Так и стоит в глазах мать, как причитала она, прощаясь со своей матерью, так зашлась в надрывном плаче, что с трудом оторвали ее от гроба. Так и вижу своего любимого дядю по матери Алексея Анисимовича в одиночной палате районной больницы с румянцем на скулах (после морфия), кричащего отрывисто в предсмертном бреду: “Слесарь... бригадир... начальник паросилового хозяйства... быть ровно в десять ноль-ноль...” Умер он 27 декабря 1973 года, и я до сих пор не могу примириться с мыслью, что не успели мы с ним поехать, как предполагали, в январе 1974 года в Кенигсберг, в те места, где он воевал... После своей смерти он много раз снился мне. А мама снится до сих пор. Как-то знакомая женщина рассказала мне, как видела во сне свою мать. “Ты что, мама, воскресла?” “Да, я воскресла”. И смеется, такая веселая!” А у меня какие-то мрачные сны о матери. Вхожу в комнату, она только что была здесь и должна быть, а ее нет. Зову ее. Не отвечает. Или в другой раз: вижу — идет мне навстречу, смотрю на нее — она или как будто не она. Лицо какое-то стянутое, неподвижное, без всякого выражения. И мне как-то жутко от этого, и я долго еще, проснувшись, вижу это лицо. Прошло более десяти лет после ее смерти, а она все приходит ко мне, и всегда почему-то ничего не говорит. И сны, как продолжение яви, что ли? Ведь знаем, что именно там — всегда жизнь, и туда должны стремиться все силы наши, “душа летит к небу” — как сказала та же женщина, но нет этих сил, и душа летит камнем вниз, словно подчиняясь земному притяжению.
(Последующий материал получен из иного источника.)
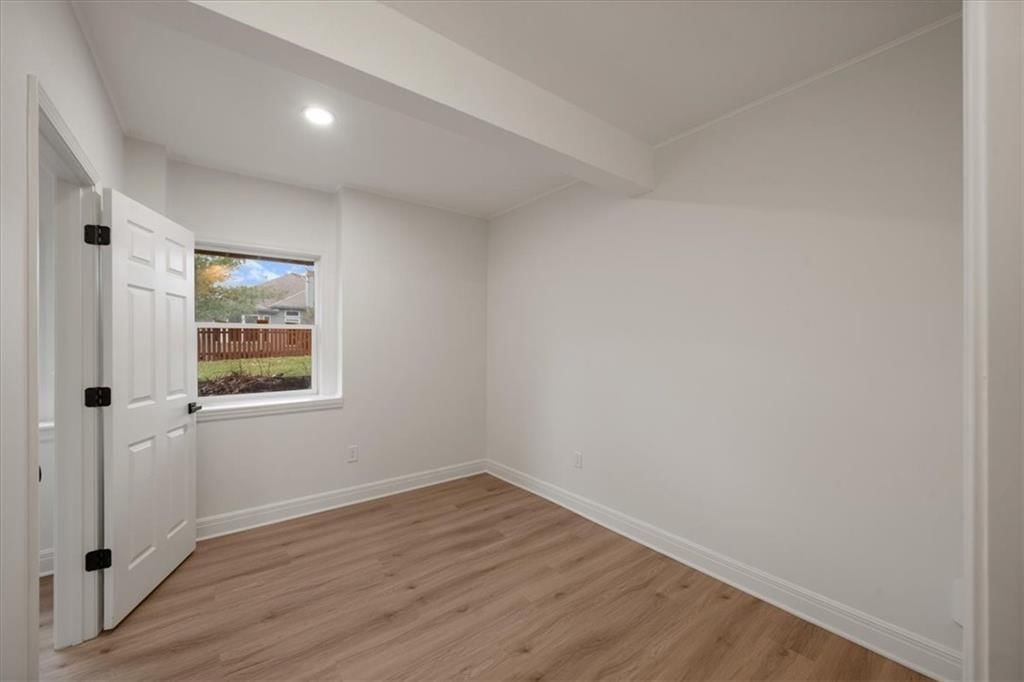 7633 W 148th Terrace — photo 24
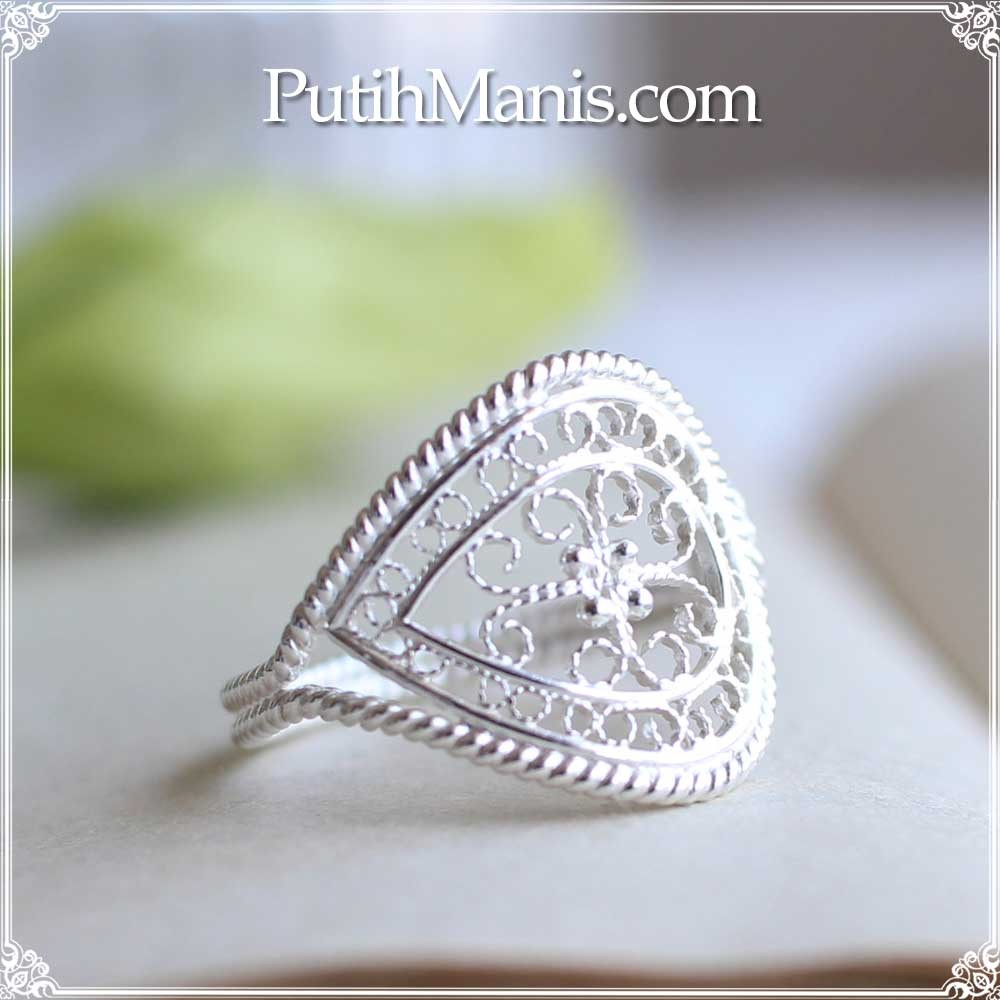 アイアンクロスのフリーサイズ・シルバーリング｜銀線細工の大きなワンポイント【silver925】 [r-26-si]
Как-то услышал я от одной верующей женщины: “Человек уходит, а любовь-то к нему, как заноза, остается”. Этой занозой оставалось в моей душе и до сих пор остается в моей памяти все то проникновенное, что открывалось в разговорах, в общении с “людьми из народа”. Одной из причин тогдашнего тяготения к “народности” , “народному характеру” было (как я понимаю теперь) господство в прессе, литературе, идеологии еврейского “мелкого духа” (Гоголь. “Тарас Бульба”). Здесь же, в “народности” — по крайней мере, цельность духа, питавшая, между прочим, и оригинальную русскую философию славянофилов. И затянувшееся на десятилетия наше безмолвие перед агрессией “мелкого духа” явно заканчивалось, как нам казалось в середине шестидесятых годов, с обозначившимся “русским направлением” в журнале “Молодая гвардия”.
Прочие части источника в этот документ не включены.